Similarly, phosphoramidites react with other chalcogens. When brought in contact with a solution of sulfur or a number of compounds collectively referred to as sulfurizing agents, phosphoramidites quantitatively form phosphorothioamidates. The reaction with selenium or selenium derivatives produces phosphoroselenoamidates. In all reactions of this type, the configuration at the phosphorus atom is retained.

  • Nucleoside phosphoramidites undergo Michaelis-Arbuzov reaction to form the respective phosphonamidates. One example describes the preparation of phosphonamidates in the presence of acrylonitrile. Reportedly, at room temperature the reaction is stereoselective with the retention of configuration at the phosphorus center. In contrast, when carried out at 55 °C, the reaction leads to racemized products.
  • Similarly to phosphines and tertiary phosphites, phosphoramidites readily undergo Staudinger reaction.
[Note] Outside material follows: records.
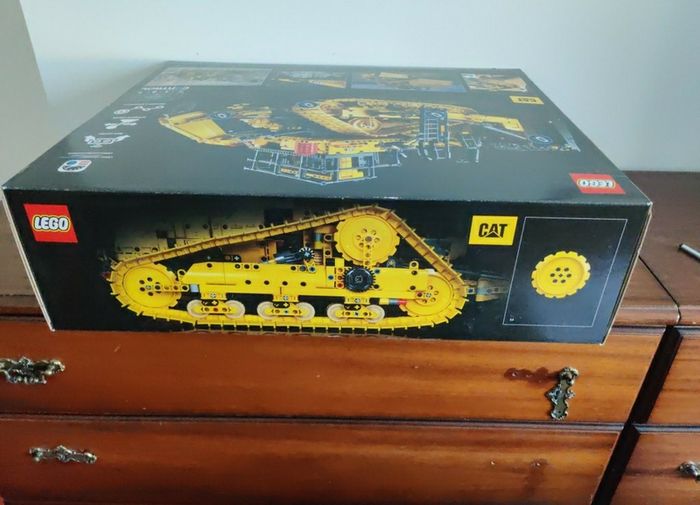 lego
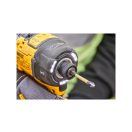 DEWALT Akku-Hydraulik-Schlagschrauber 18V 1/4" 50 Nm (ohne Akku und Ladegerät, TSTAK)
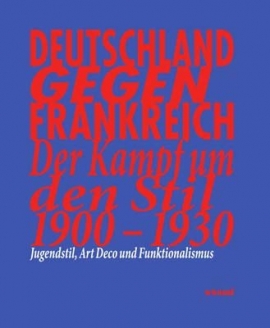 Deutschland gegen Frankreich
(RO)2P-N(R1)2 + R2-N3 + H2O ---- (RO)2P(=O)-N(R1)2 + R2-NH2 + N2;

Protecting strategy

The naturally occurring nucleotides (nucleoside-3'- or 5'-phosphates) and their phosphodiester analogs are insufficiently reactive to afford an expeditious synthetic preparation of oligonucleotides in high yields. The selectivity and the rate of the formation of internucleosidic linkages are dramatically improved by using 3'-O-(N,N-diisopropyl phosphoramidite) derivatives of nucleosides (nucleoside phosphoramidites) that serve as building blocks in phosphite triester methodology. To prevent undesired side reactions, all other functional groups present in nucleosides must be rendered unreactive (protected) by attaching protecting groups. Upon the completion of the oligonucleotide chain assembly, all the protecting groups are removed to yield the desired oligonucleotides. Below, the protecting groups currently used in commercially available and most common nucleoside phosphoramidite building blocks are briefly reviewed:

  • The 5'-hydroxyl group is protected by an acid-labile DMT (4,4'-dimethoxytrityl) group.
  • Thymine and uracil, nucleic bases of thymidine and uridine, respectively, do not have exocyclic amino groups and hence do not require any protection. In contrast, nucleic bases adenine, cytosine, and guanine bear the exocyclic amino groups, which are reactive with the activated phosphoramidites under the conditions of the coupling reaction. Although, at the expense of additional steps in the synthetic cycle, the oligonucleotide chain assembly may be carried out using phosphoramidites with unprotected amino groups, most often these are kept permanently protected over the entire length of the oligonucleotide chain assembly. The protection of the exocyclic amino groups must be orthogonal to that of the 5'-hydroxy group because the latter is removed at the end of each synthetic cycle. The simplest to implement and hence the most widely accepted is the strategy where the exocyclic amino groups bear a base-labile protection. Most often, two protection schemes are used.
  • In the first, the standard and more robust scheme (Figure), Bz (benzoyl) protection is used for A, dA, C, dC, G, and dG are protected with isobutyryl group. More recently, Ac (acetyl) group is often used to protect C and dC as shown in Figure.
  • In the second, mild protection scheme, A and dA are protected with isobutyryl or phenoxyacetyl groups (PAC). C and dC bear acetyl protection, and G and dG are protected with 4-isopropylphenoxyacetyl (i-Pr-PAC) or dimethylformamidino (dmf) groups. Mild protecting groups are removed more readily than the standard protecting groups. However, the phosphoramidites bearing these groups are less stable when stored in solution.
  • The phosphite group is protected by a base-labile 2-cyanoethyl group. Once a phosphoramidite has been coupled to the solid support-bound oligonucleotide and the phosphite moieties have been converted to the P(V) species, the presence of the phosphate protection is not mandatory for the successful conducting of further coupling reactions.
2'-O-Protected ribonucleoside phosphoramidites.
  • In RNA synthesis, the 2'-hydroxy group is protected with TBDMS (t-butyldimethylsilyl) group. or with TOM (tri-iso-propylsilyloxymethyl) group, both being removable by treatment with fluoride ion.
  • The phosphite moiety also bears a diisopropylamino (iPr2N) group reactive under acidic conditions. On activation, the diisopropylamino group leaves, to be substituted by the 5'-hydroxy group of the support-bound oligonucleotide.

Macrocycle

From Wikipedia, the free encyclopedia
https://en.wikipedia.org/wiki/Macrocycle
Erythromycin, a macrolide antibiotic, is one of many naturally occurring macrocycles.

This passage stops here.